Ankara'da CHP Lideri Kemal Kılıçdaroğlu, dün akşam saatlerinde TBMM Grubu'nu olağanüstü toplantıya davet etmişti. Olağanüstü toplantının nedeni ise 6 yaşındaki kız çocuğunun evlendirilmesi olduğu ortaya çıktı.
Soruşturma kapsamında bilgi almak için Kemal Kılıçdaroğlu ve beraberindeki heyet Adalet Bakanlığına yürüdü ve Kemal Kılıçdaroğlu Bakanlık önünde açıklamalarda bulundu.
İşte CHP Genel Başkanı Kemal Kılıçdaroğlu'nun açıklamaları:
"Çok öfkeliyim, gıkınız çıkmıyor"
Çok öfkeliyim. Böyle bir haksızlığı, adaletsizliği kimsenin duymasını ve yaşamasını istemem. 6 yaşındaki bir çocuğa sistematik tecavüz edildi. Günlerdir bekliyorum. Acaba ses verecek mi diye. Konu parlamentoda dile getirildiğinde Aile Bakanı '2 yıldır bu meseleyi biliyoruz' diyor. 2 yıldır biliyorsunuz da ne yaptınız? Sistematik bir tecavüz var ve siz bunu 2 yıldır biliyorsunuz, gıkınız çıkmıyor.
Adalet Bakanlığı'nın önündeyiz.

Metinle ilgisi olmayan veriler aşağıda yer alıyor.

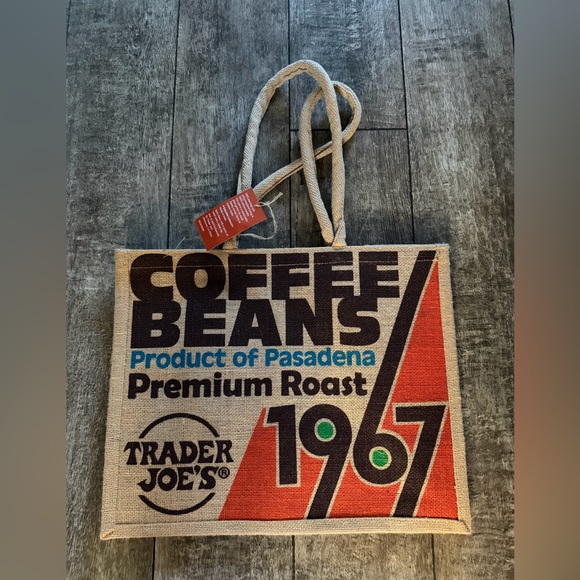 Multicolor Jute Tote Bag - Picture 3 of 6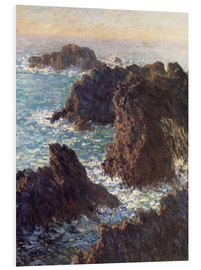 Hartschaumbild  Felsen bei Belle-Ile - Claude Monet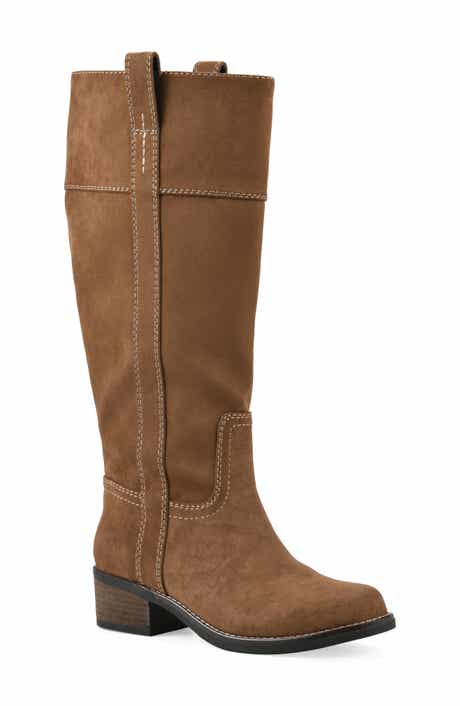 Merrier Western Tall Shaft Faux Leather Boot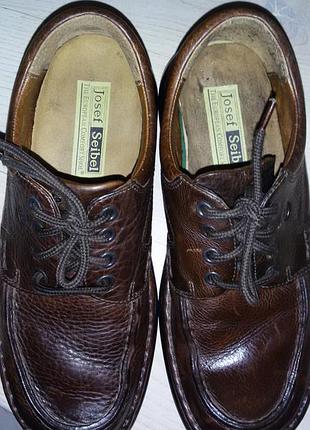 Josef seibel(немечки)-кожаные коричневыетуфли comfort р.42 (27.5см)5 фото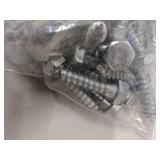 Hex Lag Screw, Zinc, 1/2x2 L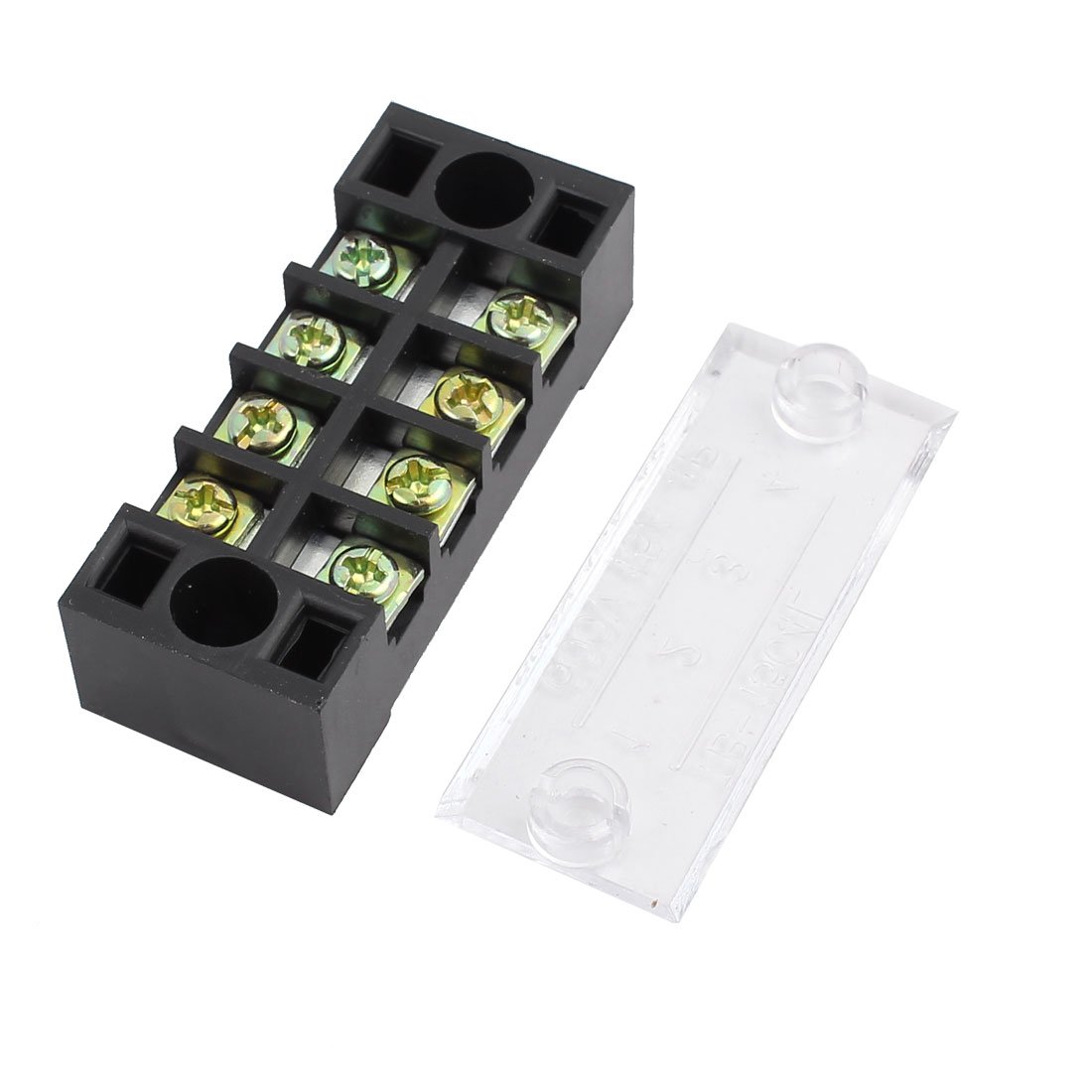Amazon.com: Aexit 20Pcs TB-1504 Terminal Blocks 600V 15A 4P Dual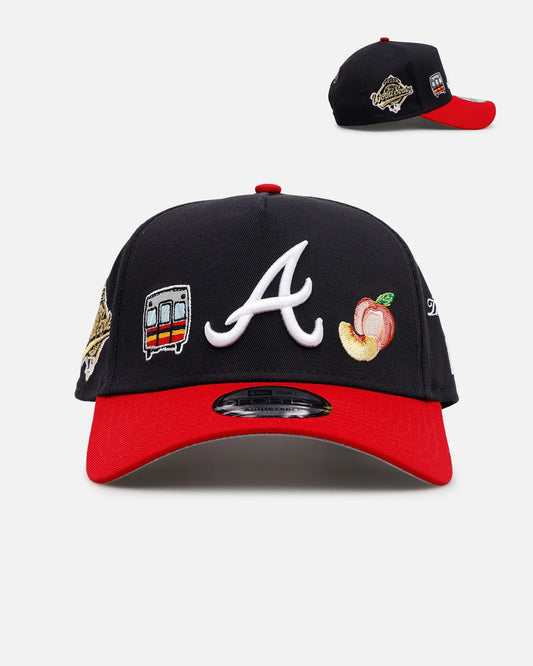 Gorra Atlanta Braves City Icons 9FORTY A-Frame Navy/Red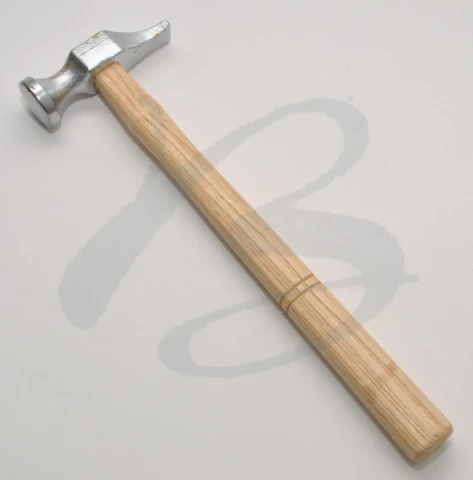 NICKEL HAMMER WITH ONE END TAPERED FOR LEATHER 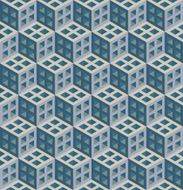 Abstract Seamless Cube Pattern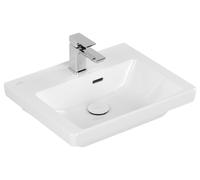 Lavandino Villeroy en Boch Subway 3.0 1 foro, Con troppopieno, per i mobili 500mm Alpine White Ce...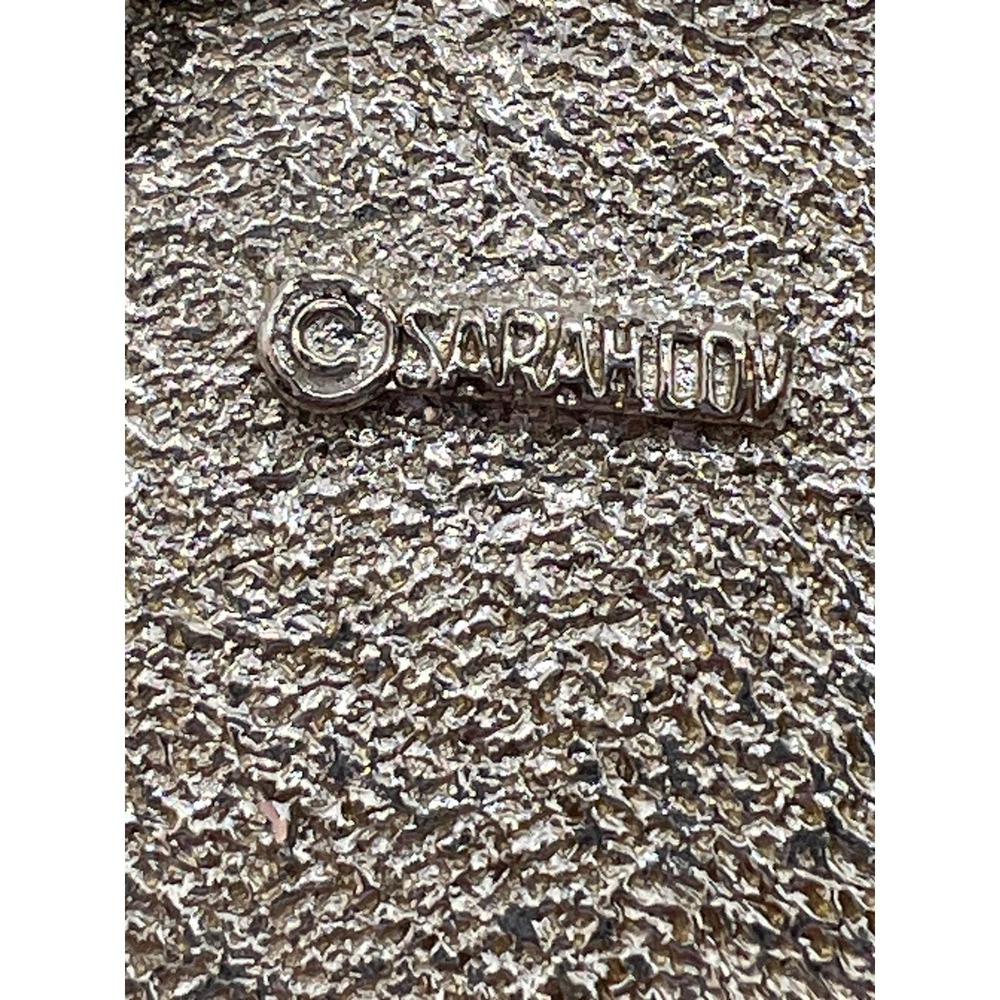 Vintage 1960s Sarah Coventry "Silvery Nile" Silver Tone Abstract Brooch Pendant - Picture 3 of 4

Adalet Bakanlığı sessizliğini koruyor. Aile Bakanlığı'nın kimse ne yaptığını bilmiyor. Polislerimiz bu olayları bilmiyor mu? Kim onların önüne engel olarak çıkıyor, kim görevlerini yapmasına engel oluyor? Savcılar hangi gerekçeyle bu dosyaları kapatıyorlar?

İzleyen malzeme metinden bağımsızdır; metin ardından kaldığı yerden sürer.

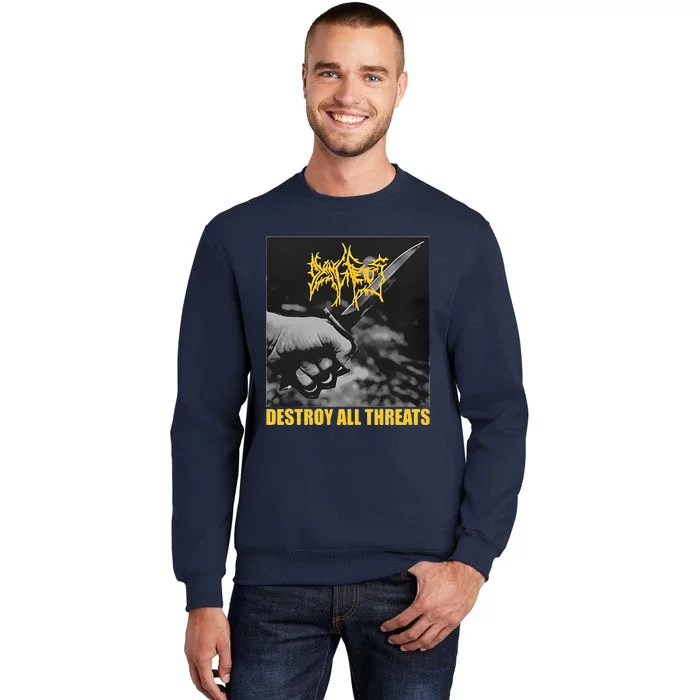 Dying Fetus Merch Destroy All Threats Tall Sweatshirt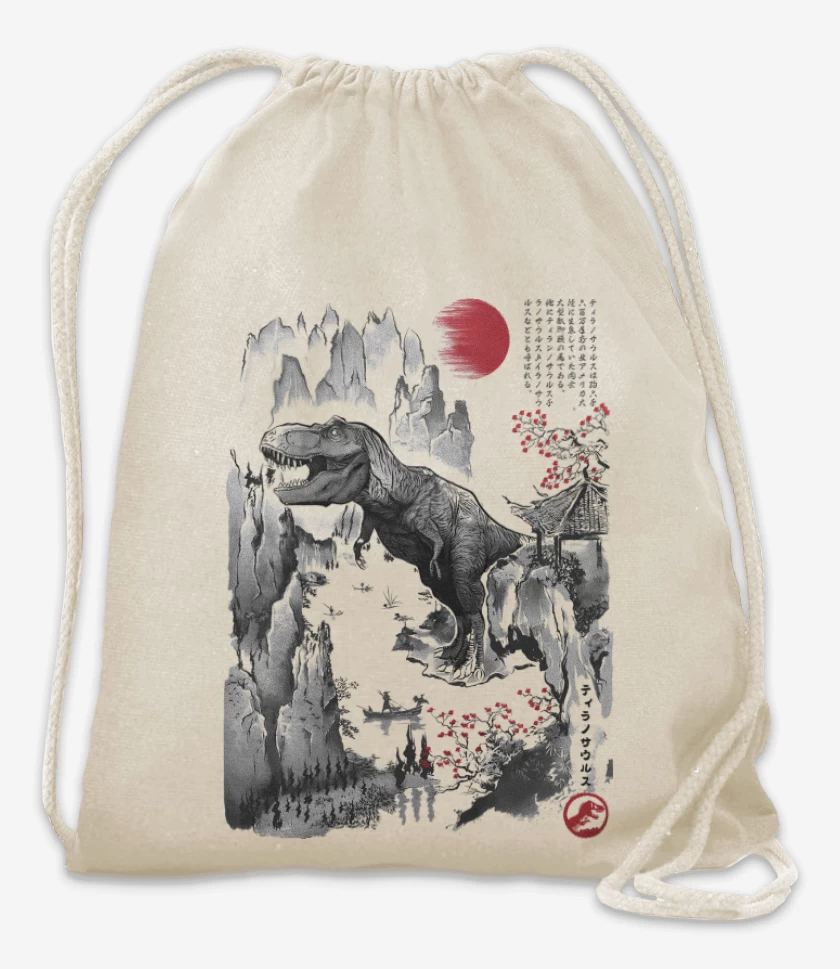 Mochila Blanco de T-Rex en Japón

"Neden herkes suskunluğunu koruyor"
6 yaşındaki evladımızın uğradığı haksızlık karşısında kimler ısrarla suskunluğunu koruyor? Buraya bu evladımızın sesi olmak için geldim. Adalet istiyor bu kız, bizim evladımız, bizim kızımız. Buradan bu evladımıza seslenmek isterim. 84 milyon insan senin yüreğinle aynı acıyı paylaşıyor. Bu ülkenin sağcısı solcusu, inançlısı inançsızı, güneylisi kuzeylisi kim olursa bu haksızlık karşısında tahammül edemiyor ve öfkeleniyor.

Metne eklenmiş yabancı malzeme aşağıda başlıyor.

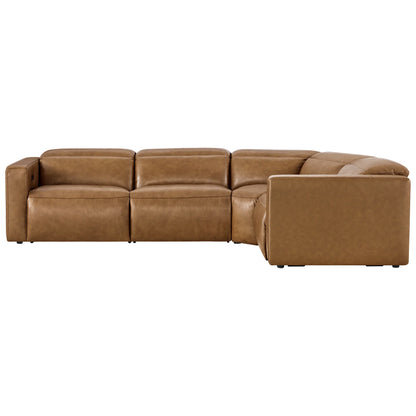 Oliver 5-Seat Wall-hugger Reclining Sectional Sofa with Power Headrest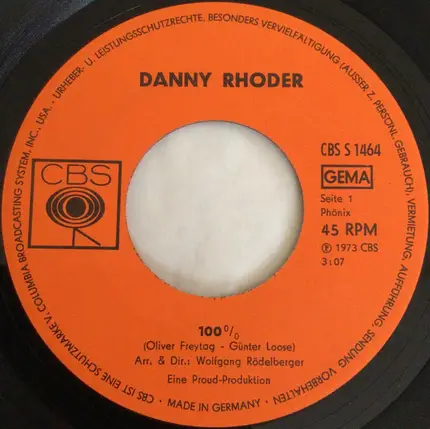 Danny Rhoder - 100%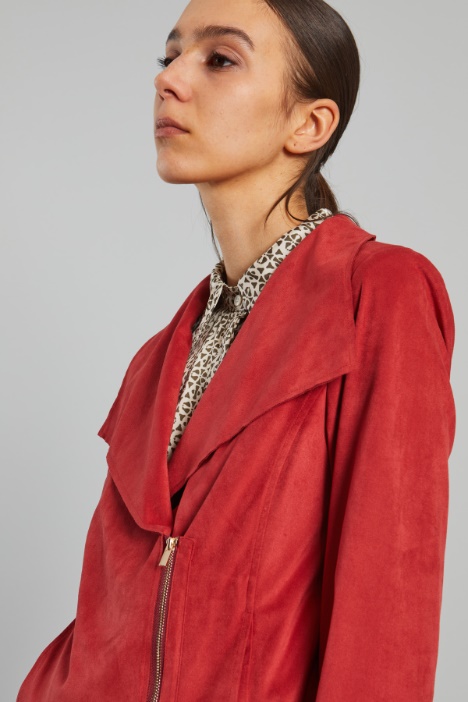 Giacca in jersey suede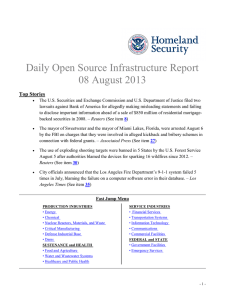 Daily Open Source Infrastructure Report 08 August 2013 Top Stories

Bizler, hep birlikte bu haksızlığa karşı mücadele etmek zorundayız. Emin olun, bu haksızlığa dayanamıyorum. Biz devletin görev yapmasını istiyoruz, devletin nefes almasını istiyoruz. Adalet istiyoruz. Biz adaletsizlik karşısında susanların dilsiz şeytanlar olduğu bir ülke olmak istemiyoruz. Polisin, savcının elini kolunun bağlanmasını istemiyoruz. Ülkenin bu kadar derdi varken, bu kadar büyük acılar yaşarken siyasal iktidarın görevini yapmaması, devlet aygıtını çalıştırmaması tahammül edebilecek bir durum değildir.
"Devleti yönetemiyorlar, haksızlıkları sindiriyorlar"
'2 yıldır bu meseleyi biliyoruz' demek ne demek? Devlet baskıların altında görev yapamaz. Adalet Bakanlığı'nın önüne gelme nedenim budur, adalet istiyoruz; kızımız, evlatlarımız için adalet istiyoruz."